## Stored data entries
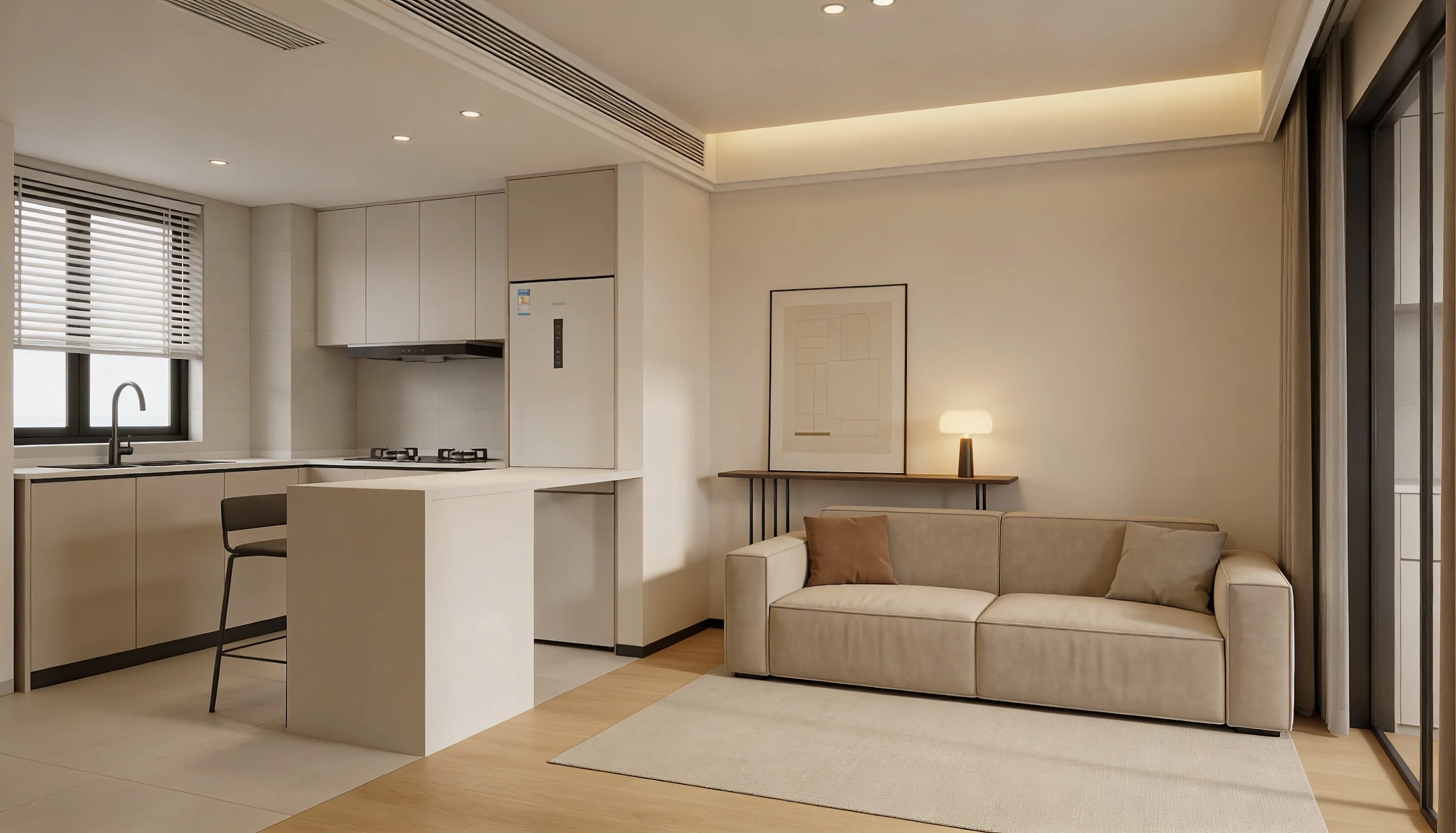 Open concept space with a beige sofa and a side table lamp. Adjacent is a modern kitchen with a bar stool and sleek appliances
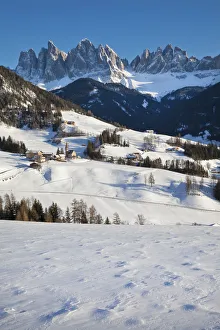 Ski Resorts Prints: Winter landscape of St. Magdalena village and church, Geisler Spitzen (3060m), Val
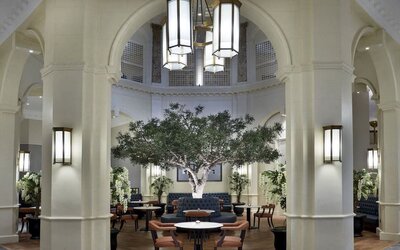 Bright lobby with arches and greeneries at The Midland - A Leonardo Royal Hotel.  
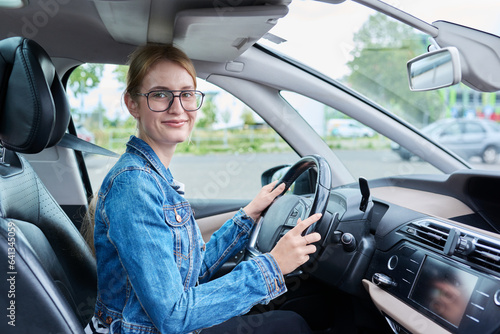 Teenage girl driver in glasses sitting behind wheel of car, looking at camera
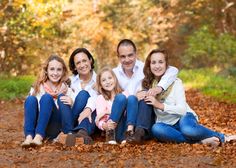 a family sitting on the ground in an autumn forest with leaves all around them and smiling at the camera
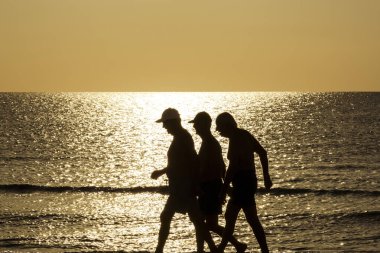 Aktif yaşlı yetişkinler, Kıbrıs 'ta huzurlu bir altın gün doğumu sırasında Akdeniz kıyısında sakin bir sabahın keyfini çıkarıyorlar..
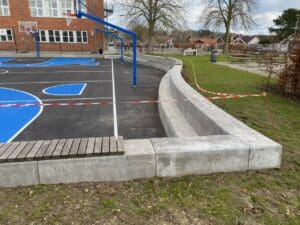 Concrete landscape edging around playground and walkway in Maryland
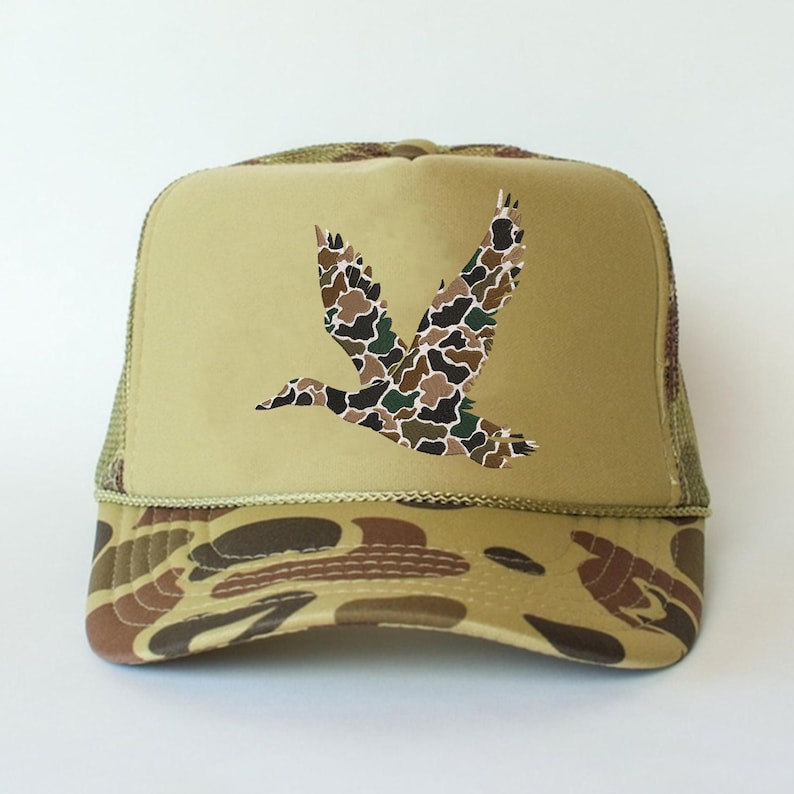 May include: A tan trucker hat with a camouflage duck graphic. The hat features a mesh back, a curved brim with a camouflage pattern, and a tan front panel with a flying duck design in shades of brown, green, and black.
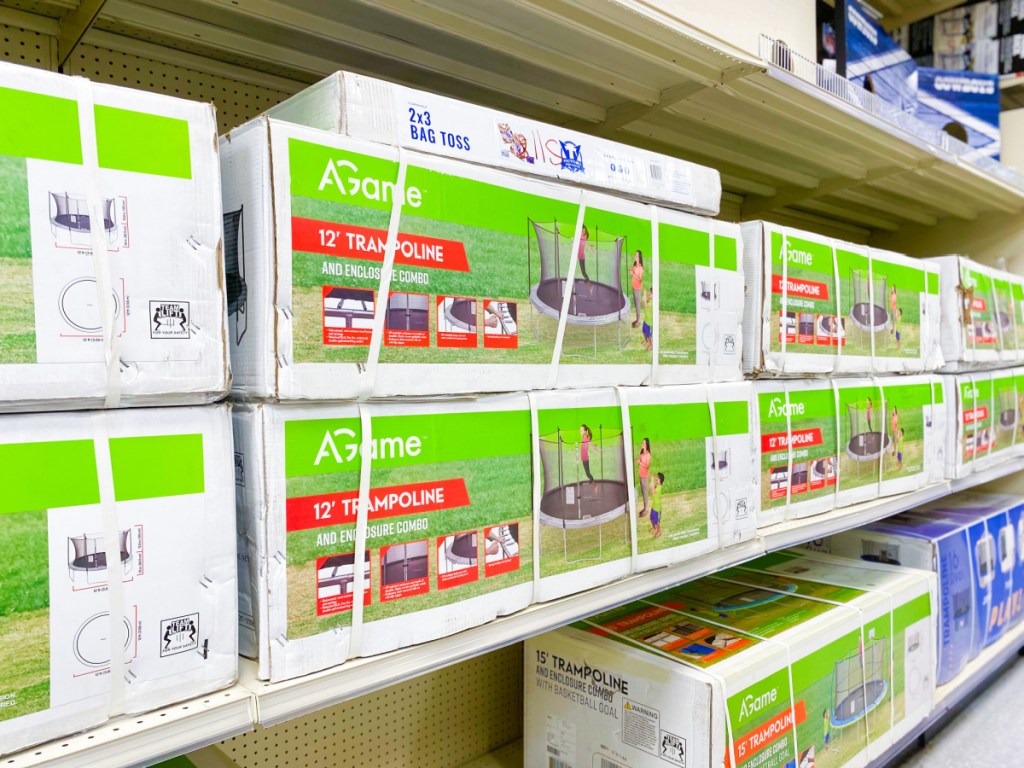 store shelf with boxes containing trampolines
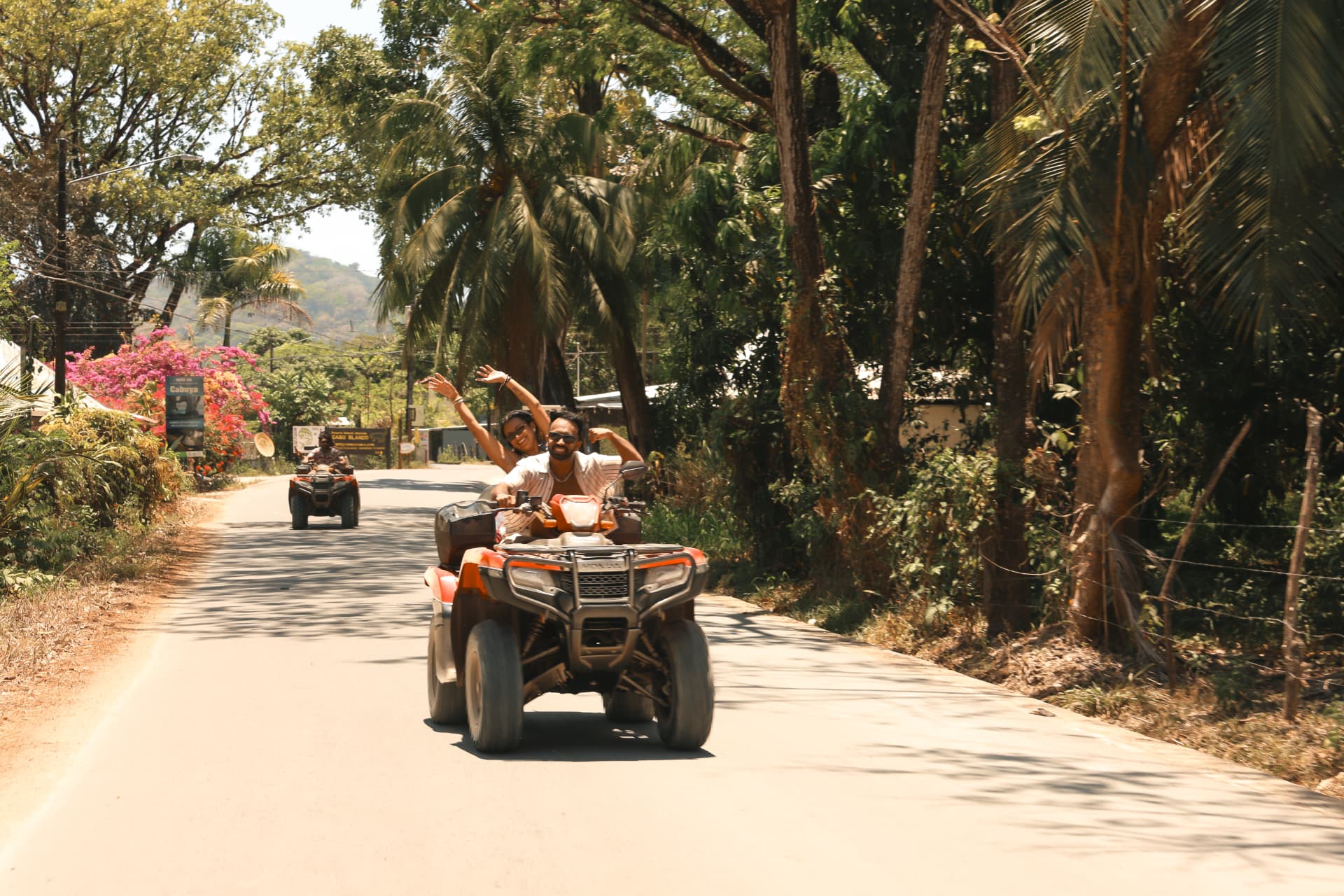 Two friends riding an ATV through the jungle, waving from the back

## Task instructions
Repeat exactly, and only, the entries from the line with "Concrete landscape edging" through the line with "May include: A". Pictures are skipped.

## Exercise response
 Concrete landscape edging around playground and walkway in Maryland
 May include: A tan trucker hat with a camouflage duck graphic. The hat features a mesh back, a curved brim with a camouflage pattern, and a tan front panel with a flying duck design in shades of brown, green, and black.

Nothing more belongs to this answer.